We meet walls all the time. They can be rules, traditions, tired relationships, or the moment a project stalls and no one knows what to do next. They can be as old as a neighbourhood feud or as fresh as yesterday’s email.
Walls invite a kind of resignation. They seem permanent, impenetrable. Our usual choices are to fight them, avoid them, or stand still in front of them, waiting for someone else to act.
A colleague, on a Designed Learning community call, recently said: “Even a solid wall can hold a small crack. From that crack, a seed can lodge, take root, and begin to change the wall.”
This is not about smashing barriers in a single dramatic gesture. It’s about what happens when we choose to pay attention to the thin seam of light in something that looks finished.
Possibility hides in plain sight
A crack is easy to miss. We notice the solid mass of the wall far more readily than the hairline fracture. In communities, cracks often appear in places that feel peripheral, at the edges of a meeting, in the spaces between formal decisions, in quiet acts that don’t look like strategy. A resident who opens their garden gate to passers-by. The person who lingers after a tense conversation just long enough to say, “Tell me more.” A group who chooses to share a meal rather than a report. These moments don’t end the problem. But they create a space where the usual story is interrupted, and something new can begin to grow.
Adversity is the opening act
We think we need better conditions before we can create change. But often, the condition itself , the difficulty, the absence, the strain, is what cracks the surface. When the power fails, people light candles together.

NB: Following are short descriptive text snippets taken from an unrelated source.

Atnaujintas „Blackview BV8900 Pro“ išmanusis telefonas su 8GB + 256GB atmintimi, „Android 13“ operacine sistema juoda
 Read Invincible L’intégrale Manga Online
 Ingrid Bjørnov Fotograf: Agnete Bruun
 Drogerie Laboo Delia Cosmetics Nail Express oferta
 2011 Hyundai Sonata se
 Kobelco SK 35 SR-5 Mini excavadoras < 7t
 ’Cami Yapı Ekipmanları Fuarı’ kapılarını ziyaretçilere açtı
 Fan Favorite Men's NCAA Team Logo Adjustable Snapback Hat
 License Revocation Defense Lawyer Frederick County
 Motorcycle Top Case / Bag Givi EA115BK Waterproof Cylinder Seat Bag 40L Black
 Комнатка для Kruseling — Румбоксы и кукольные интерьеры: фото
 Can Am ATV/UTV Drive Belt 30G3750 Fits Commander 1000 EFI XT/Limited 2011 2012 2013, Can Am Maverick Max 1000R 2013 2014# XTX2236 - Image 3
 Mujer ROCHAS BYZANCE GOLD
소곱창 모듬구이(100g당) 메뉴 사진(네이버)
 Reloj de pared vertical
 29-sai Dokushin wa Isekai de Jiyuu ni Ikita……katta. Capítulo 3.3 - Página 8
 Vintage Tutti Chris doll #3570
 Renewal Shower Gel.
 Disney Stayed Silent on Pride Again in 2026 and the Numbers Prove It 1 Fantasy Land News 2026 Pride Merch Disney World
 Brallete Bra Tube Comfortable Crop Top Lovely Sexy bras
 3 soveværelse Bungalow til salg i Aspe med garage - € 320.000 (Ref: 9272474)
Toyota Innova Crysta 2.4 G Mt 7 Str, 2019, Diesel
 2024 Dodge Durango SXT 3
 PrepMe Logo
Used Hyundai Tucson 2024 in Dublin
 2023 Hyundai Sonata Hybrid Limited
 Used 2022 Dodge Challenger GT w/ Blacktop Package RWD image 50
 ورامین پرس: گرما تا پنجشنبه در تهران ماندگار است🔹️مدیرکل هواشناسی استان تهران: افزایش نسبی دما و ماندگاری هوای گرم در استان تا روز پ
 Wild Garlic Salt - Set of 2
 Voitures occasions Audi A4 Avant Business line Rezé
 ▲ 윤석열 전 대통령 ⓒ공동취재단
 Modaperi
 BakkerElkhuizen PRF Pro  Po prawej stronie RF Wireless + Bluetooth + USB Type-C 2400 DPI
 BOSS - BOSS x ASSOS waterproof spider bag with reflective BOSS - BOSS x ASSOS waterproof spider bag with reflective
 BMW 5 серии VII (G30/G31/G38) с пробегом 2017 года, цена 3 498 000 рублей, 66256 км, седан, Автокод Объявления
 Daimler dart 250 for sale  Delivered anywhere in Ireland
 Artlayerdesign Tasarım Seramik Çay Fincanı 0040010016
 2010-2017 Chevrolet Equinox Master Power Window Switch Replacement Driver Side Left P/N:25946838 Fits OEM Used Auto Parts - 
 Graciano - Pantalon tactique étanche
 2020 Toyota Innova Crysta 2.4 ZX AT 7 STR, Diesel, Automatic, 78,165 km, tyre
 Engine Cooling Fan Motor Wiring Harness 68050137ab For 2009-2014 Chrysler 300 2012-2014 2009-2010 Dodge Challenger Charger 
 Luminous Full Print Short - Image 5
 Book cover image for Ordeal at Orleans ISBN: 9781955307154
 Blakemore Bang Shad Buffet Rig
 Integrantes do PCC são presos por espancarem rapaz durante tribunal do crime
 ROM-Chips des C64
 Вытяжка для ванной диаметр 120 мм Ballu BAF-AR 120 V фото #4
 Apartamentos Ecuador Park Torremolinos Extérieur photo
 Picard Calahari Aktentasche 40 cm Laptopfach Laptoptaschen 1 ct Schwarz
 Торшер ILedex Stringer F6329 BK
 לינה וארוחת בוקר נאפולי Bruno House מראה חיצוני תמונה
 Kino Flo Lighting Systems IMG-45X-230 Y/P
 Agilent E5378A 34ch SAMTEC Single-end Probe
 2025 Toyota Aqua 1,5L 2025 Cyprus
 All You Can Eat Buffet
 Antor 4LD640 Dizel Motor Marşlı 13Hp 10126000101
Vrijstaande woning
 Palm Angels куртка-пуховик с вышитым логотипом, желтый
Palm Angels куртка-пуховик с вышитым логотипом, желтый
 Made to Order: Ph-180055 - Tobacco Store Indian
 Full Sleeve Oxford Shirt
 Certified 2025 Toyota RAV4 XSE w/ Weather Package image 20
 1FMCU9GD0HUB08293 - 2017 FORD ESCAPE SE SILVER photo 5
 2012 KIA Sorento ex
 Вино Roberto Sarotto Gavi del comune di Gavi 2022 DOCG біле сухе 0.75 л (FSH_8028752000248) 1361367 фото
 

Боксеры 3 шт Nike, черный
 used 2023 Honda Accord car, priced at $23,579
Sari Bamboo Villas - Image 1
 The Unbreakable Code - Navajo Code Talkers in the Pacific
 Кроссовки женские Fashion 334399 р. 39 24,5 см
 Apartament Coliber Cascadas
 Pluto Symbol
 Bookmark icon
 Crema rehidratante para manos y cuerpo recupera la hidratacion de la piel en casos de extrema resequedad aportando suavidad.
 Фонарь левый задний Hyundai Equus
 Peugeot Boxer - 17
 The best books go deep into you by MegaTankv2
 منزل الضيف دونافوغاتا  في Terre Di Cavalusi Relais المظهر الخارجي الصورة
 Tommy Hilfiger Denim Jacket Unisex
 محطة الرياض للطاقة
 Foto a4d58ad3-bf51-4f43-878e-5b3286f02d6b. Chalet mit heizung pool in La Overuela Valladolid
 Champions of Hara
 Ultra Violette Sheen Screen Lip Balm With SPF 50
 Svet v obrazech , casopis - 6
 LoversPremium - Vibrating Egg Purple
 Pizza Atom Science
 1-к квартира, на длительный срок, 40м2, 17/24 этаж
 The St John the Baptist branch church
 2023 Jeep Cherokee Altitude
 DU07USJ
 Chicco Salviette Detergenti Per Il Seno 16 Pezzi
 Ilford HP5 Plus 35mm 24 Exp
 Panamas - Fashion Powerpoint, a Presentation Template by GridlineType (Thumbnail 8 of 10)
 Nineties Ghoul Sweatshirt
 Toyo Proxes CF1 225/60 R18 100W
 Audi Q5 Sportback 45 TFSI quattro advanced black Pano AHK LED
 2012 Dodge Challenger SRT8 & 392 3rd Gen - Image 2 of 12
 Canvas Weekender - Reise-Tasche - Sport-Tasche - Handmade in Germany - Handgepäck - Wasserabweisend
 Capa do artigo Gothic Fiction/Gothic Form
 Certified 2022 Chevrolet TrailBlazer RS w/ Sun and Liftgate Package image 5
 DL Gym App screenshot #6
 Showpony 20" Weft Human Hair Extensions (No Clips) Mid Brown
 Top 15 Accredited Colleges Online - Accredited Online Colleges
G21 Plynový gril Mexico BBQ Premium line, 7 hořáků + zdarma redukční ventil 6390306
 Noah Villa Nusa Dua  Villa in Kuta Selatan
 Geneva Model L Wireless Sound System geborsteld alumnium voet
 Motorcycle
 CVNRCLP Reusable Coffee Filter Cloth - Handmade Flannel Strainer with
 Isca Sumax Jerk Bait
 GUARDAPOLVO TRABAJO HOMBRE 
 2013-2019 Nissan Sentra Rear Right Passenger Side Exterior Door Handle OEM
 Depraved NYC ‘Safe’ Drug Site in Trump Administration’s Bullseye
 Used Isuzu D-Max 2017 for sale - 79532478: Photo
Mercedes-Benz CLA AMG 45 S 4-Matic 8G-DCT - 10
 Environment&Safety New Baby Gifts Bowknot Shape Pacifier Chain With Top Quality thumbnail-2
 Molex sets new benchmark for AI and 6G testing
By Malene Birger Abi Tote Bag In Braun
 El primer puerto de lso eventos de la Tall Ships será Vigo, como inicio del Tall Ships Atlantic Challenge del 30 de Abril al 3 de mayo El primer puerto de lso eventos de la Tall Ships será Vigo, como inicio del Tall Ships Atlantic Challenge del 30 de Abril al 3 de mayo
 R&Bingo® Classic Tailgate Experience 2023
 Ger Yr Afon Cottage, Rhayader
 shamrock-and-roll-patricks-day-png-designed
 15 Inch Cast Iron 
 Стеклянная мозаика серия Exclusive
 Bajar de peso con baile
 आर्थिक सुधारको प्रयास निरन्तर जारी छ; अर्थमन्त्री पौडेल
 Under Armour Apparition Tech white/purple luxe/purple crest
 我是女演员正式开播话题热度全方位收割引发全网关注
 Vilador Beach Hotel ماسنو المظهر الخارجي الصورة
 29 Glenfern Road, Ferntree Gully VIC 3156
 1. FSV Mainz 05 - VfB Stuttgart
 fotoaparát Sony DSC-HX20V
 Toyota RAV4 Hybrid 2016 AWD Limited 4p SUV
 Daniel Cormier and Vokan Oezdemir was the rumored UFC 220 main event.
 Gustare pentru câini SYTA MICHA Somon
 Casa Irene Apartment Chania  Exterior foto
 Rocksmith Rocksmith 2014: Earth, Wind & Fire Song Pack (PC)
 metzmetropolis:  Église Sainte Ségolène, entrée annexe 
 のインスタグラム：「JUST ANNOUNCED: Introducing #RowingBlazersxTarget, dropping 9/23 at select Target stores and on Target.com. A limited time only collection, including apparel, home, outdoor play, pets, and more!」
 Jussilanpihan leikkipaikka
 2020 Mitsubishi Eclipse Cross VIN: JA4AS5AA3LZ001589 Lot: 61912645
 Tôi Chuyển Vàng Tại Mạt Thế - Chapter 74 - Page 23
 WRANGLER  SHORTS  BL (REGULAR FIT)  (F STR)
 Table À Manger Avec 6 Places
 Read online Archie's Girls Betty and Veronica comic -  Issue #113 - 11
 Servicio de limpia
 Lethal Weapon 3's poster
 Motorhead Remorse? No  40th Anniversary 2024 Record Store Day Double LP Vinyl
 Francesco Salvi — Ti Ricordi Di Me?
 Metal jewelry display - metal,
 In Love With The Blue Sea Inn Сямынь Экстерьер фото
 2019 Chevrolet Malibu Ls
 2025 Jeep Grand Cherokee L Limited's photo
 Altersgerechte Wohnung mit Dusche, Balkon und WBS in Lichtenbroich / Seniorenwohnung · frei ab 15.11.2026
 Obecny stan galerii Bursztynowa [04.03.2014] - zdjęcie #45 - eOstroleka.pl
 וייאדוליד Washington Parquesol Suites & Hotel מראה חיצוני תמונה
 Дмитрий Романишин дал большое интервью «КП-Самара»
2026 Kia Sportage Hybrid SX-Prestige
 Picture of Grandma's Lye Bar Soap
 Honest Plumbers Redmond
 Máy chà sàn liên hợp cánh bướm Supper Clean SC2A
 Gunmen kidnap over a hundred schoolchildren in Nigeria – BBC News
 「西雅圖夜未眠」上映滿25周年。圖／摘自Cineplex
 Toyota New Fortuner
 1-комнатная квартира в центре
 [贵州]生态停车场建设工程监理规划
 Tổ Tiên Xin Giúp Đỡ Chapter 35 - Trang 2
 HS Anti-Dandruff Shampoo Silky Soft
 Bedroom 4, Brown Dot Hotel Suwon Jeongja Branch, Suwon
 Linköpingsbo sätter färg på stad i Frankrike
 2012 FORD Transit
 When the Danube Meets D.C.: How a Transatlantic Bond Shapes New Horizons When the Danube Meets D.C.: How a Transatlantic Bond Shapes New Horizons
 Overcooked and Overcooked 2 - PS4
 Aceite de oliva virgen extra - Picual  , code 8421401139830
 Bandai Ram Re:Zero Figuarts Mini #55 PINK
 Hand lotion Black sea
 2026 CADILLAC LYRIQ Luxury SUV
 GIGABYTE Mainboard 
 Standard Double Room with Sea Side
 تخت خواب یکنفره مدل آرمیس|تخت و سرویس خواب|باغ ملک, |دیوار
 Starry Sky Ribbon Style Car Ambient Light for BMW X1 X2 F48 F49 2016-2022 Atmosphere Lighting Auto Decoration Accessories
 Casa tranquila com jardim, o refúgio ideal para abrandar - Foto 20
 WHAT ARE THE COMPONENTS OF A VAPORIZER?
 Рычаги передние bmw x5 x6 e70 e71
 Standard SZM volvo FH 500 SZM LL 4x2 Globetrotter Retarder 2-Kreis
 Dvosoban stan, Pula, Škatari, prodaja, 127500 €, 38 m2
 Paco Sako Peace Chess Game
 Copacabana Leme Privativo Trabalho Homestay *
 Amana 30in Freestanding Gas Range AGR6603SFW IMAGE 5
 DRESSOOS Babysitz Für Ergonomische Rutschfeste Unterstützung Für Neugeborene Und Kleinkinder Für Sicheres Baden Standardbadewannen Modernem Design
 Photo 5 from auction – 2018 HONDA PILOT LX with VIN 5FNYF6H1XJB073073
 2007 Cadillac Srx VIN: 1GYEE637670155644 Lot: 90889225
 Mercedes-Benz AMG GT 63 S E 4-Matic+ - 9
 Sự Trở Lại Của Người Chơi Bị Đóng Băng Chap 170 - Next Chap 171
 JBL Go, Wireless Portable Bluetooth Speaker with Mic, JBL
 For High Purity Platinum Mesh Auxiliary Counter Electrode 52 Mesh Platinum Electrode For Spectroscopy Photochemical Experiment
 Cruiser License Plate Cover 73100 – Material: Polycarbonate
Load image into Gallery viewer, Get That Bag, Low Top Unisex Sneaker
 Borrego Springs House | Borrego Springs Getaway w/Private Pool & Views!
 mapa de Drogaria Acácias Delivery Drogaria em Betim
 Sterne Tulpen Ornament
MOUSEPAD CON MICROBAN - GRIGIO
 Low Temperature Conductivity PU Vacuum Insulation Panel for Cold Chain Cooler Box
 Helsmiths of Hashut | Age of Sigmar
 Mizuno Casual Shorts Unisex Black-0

When a funding cut threatens a service, unlikely alliances form. When disagreement forces us to stop and listen, we sometimes hear the truth that was hiding in the noise. The wall doesn’t disappear. But it stops being the only thing in view.
From pub kitchen to lifeline
A real-life example can be found in the story of Cambridge Community Kitchen. Born in the midst of the COVID-19 pandemic, it began in a squatted pub kitchen with volunteers cooking hot, free meals for anyone who needed one.
What started as a handful of people in a small, improvised space quickly grew into a vital community service. Word spread. More volunteers joined. Donations began arriving. For many, it wasn’t just about the food, it was about the conversations, the welcome, the sense of belonging in a time of isolation.
The wall, in this case, food insecurity, social isolation, and the closure of many community spaces, did not fall overnight. But the crack widened each time someone showed up, shared a skill, or stayed to talk. Over time, what began as a modest act in a cramped kitchen became a movement feeding hundreds, demonstrating how small acts can shift the story of a whole community.
Practices for tending the crack
Linger. Don’t rush past the wall; stillness makes fractures visible. Ask a better question. “What could we make possible here?” shifts the view from limits to openings. Name the gift. In every challenge, there’s something , a skill, a connection, a shared concern, worth building on. Invite others to co-own. The crack grows when more people see it as theirs to tend. Move at the pace of trust. Change rooted in connection outlasts change forced by urgency.
The wall is never the last word
Every community, every team, every relationship has walls. They will always be with us, in new forms, at new times. But walls are never as complete as they look. Somewhere in each one is a flaw, a weakness, a tender point where life can begin again. Our work is not always to tear the wall down; sometimes it is simply to notice, step closer, and invite others to stand in the same light we see.
Questions for reflection
Where have you stopped looking for a crack because the wall feels too strong? Think about a challenge you’ve quietly accepted as fixed, what if it isn’t?
Who in your circle sees openings where you see only barriers? Sometimes others can spot the possibility long before we do.
What small act could you take this week to widen a crack so that others might notice it? Consider a gesture, invitation, or question that would make space for more people.
What is the crack you are seeing? Name it out loud. clarity turns a faint idea into something others can join.